## Extracted information
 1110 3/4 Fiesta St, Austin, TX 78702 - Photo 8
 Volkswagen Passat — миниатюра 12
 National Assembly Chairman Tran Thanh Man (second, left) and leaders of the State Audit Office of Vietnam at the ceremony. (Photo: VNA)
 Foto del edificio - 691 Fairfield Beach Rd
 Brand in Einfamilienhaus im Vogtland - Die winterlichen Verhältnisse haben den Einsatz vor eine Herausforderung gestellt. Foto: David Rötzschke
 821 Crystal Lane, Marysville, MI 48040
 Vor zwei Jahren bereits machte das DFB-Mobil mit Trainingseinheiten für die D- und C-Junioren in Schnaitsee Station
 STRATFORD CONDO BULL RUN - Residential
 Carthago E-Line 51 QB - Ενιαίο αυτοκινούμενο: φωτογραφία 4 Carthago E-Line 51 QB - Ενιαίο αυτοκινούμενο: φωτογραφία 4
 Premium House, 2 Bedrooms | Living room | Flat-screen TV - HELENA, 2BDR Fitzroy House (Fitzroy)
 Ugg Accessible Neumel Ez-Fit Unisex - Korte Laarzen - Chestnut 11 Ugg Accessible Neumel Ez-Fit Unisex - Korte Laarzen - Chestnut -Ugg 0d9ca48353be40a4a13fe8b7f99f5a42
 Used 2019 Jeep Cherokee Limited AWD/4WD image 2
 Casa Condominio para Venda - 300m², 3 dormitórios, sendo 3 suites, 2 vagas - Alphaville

## Your objective
The expected answer is a copy of every line in the entries that holds the word "Photo".

## Output of the task
 1110 3/4 Fiesta St, Austin, TX 78702 - Photo 8
 National Assembly Chairman Tran Thanh Man (second, left) and leaders of the State Audit Office of Vietnam at the ceremony. (Photo: VNA)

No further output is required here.